Also- I suspect that the homeless who irritate you in your home-town are, in fact, pretty representative of the homeless anywhere else.* What they, and most of us in this country, need is not more government money (especially since we can agree that they do have their immediate material needs, and then some, taken care of), but the gospel.

Government does not make a very good Saviour.

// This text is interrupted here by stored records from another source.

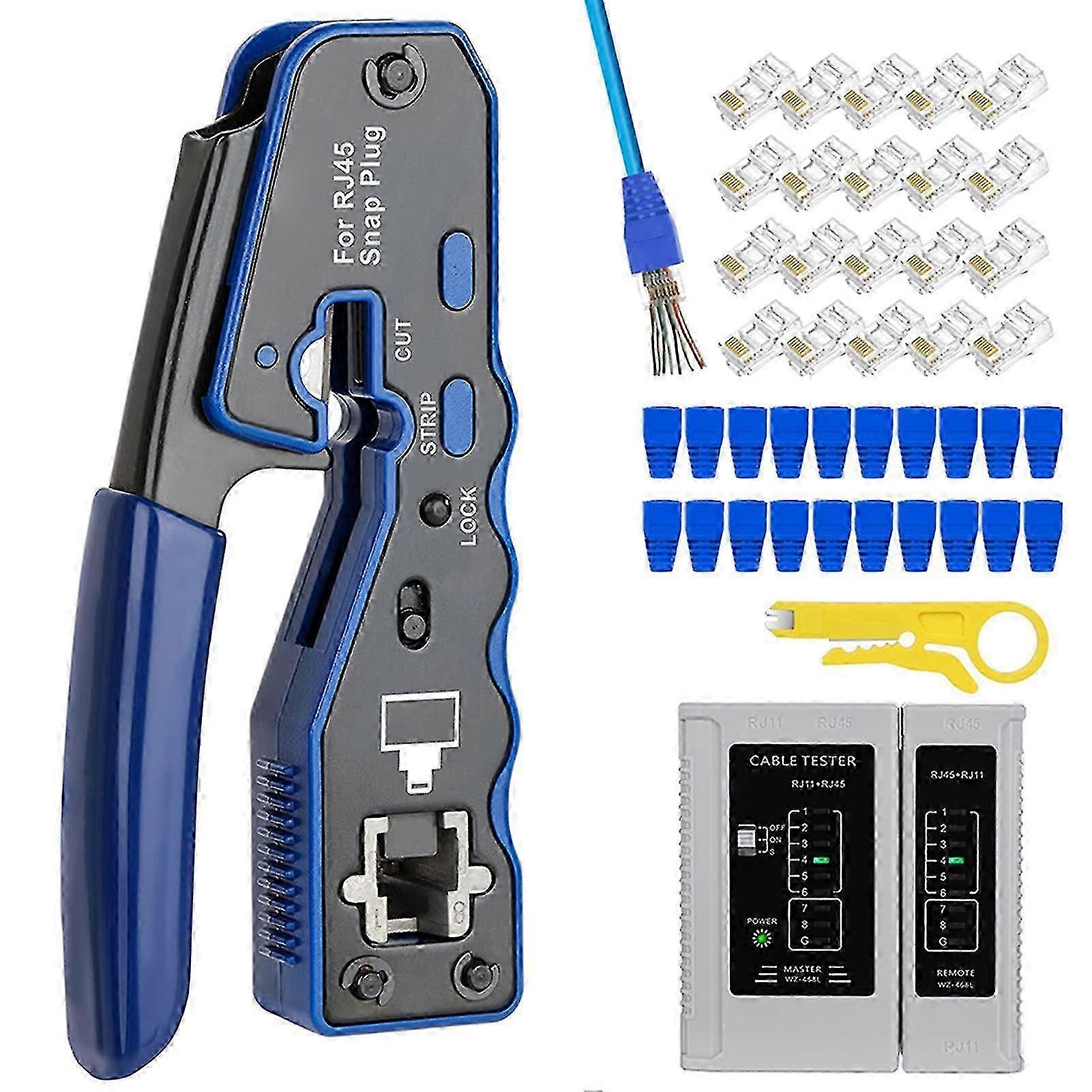 RJ45 Crimper Tool with Pass Through Technology compatible with Ethernet Cable Stripping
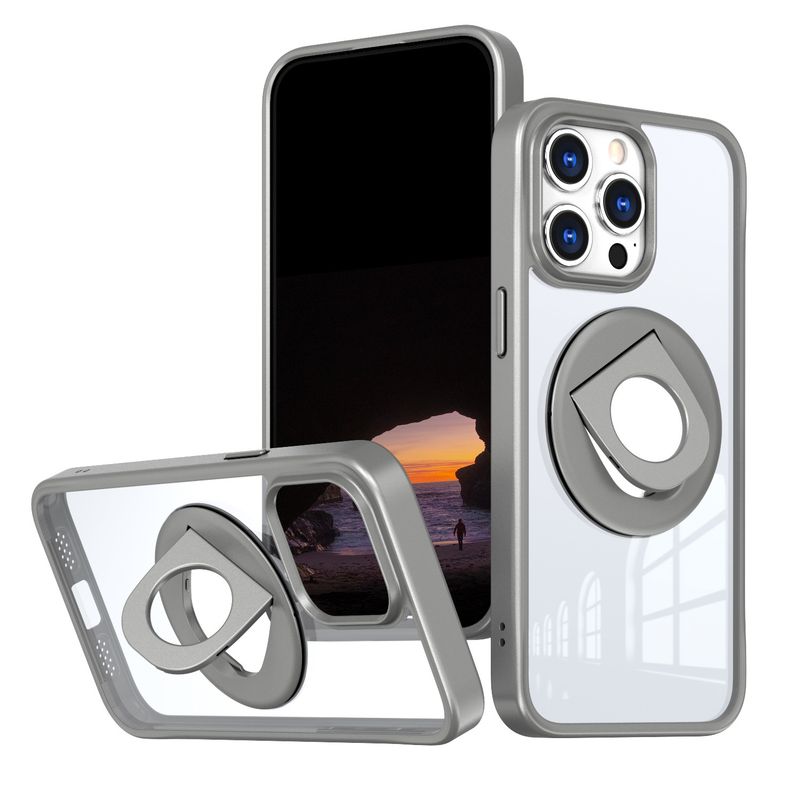 Phone Case & Covers For Mobile Phone Case Transparent Acrylic Magnetic Rotation G PLAY Ring Case_voghion.com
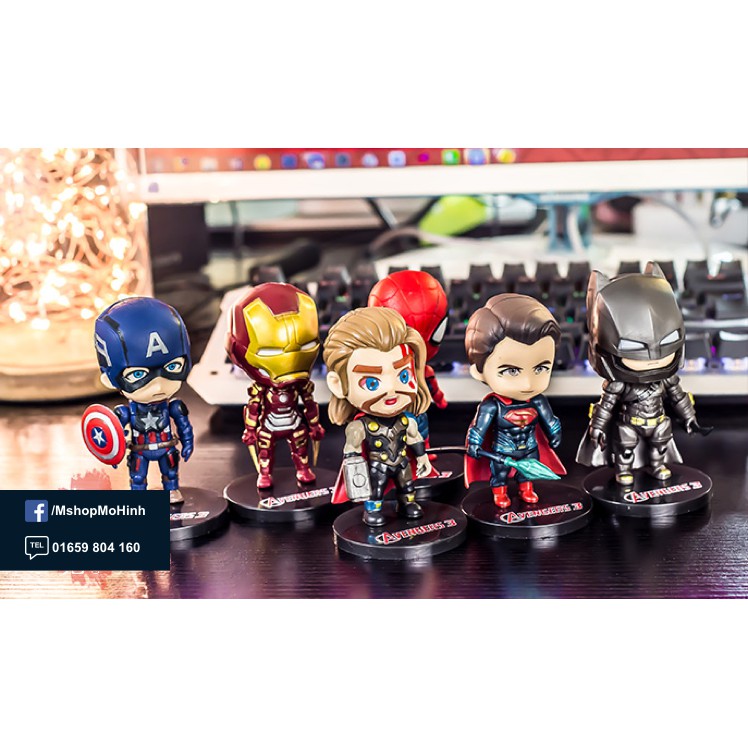 Đồ chơi 6 mô hình Marvel cosbaby (chibi) - Ironman, captain, spider man, batman, thor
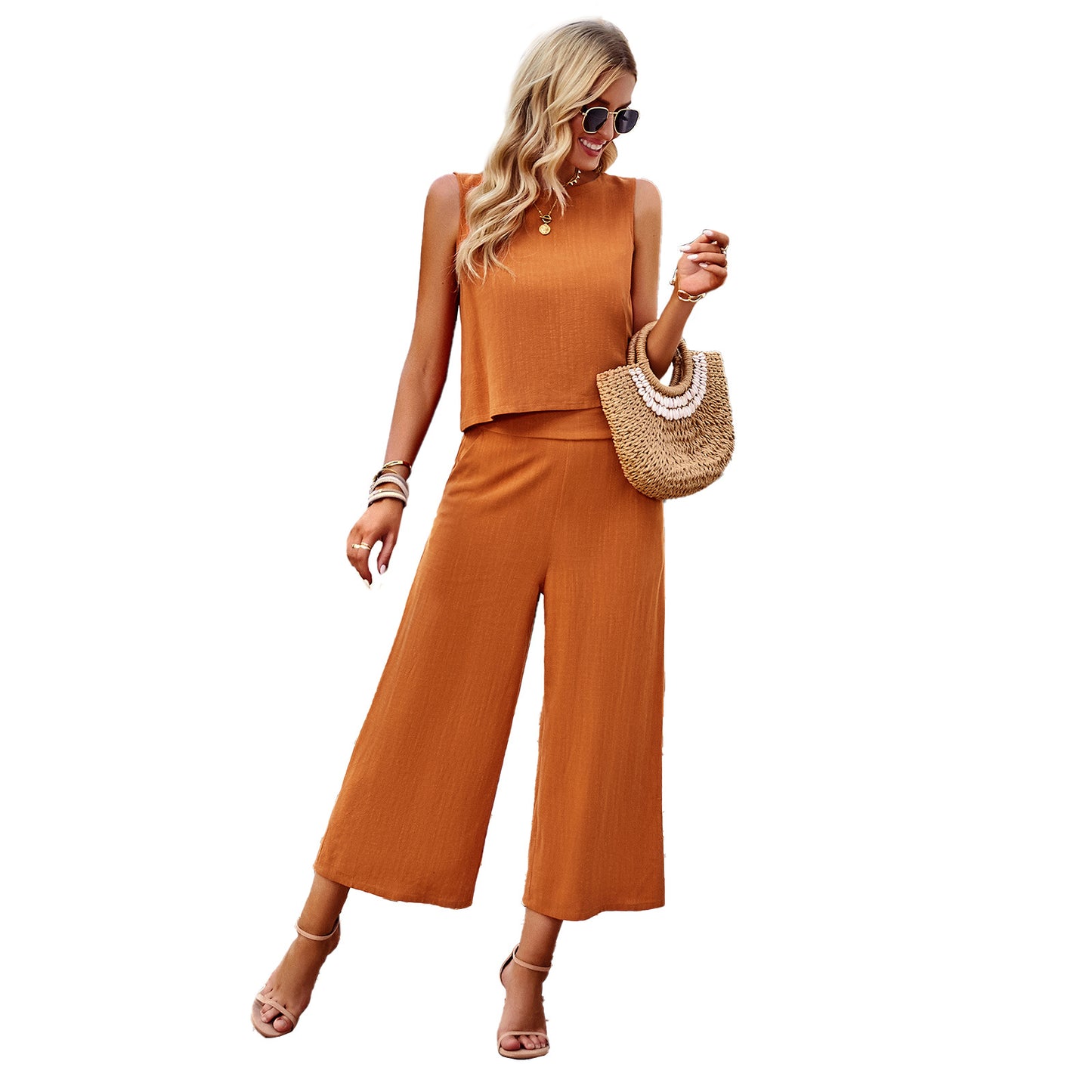Women's Solid Color Two-piece Set Summer Elegance Sleeveless Pants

*This is one of those things that just bemuses me. He actually has some kind of rude and mean things to say about the real homeless people he saw on a daily business and had an opportunity to touch, to help- his lofty goals for helping the homeless involved taking other people's money to help the more deserving homeless who, naturally, lived somewhere else, and he never had to see, smell, or touch them, nor walk past them to go to his favorite hang-outs.
My argument is less about the homeless being deserving or not, whatever that means, but about his imagining that the people he saw every day (and found smelly, dirty, annoying, and unworthy of his compassion) were somehow less deserving than the abstract homeless he imagined were somehow cleaner, tidier, quieter, and stayed out of sight in other places.  Conveniently, this absolved him of actually helping the homeless he saw daily through any effort more strenuous or inconvenient than mouthing off about those selfish, greedy conservatives.

4 comments:

  1. That's interesting. I don't know about the town you're talking about, but I've never lived anyplace where the truly homeless would even have been able to survive (and certainly not able to also pursue their substance abuse hobbies) without the "charity" given them by Christians.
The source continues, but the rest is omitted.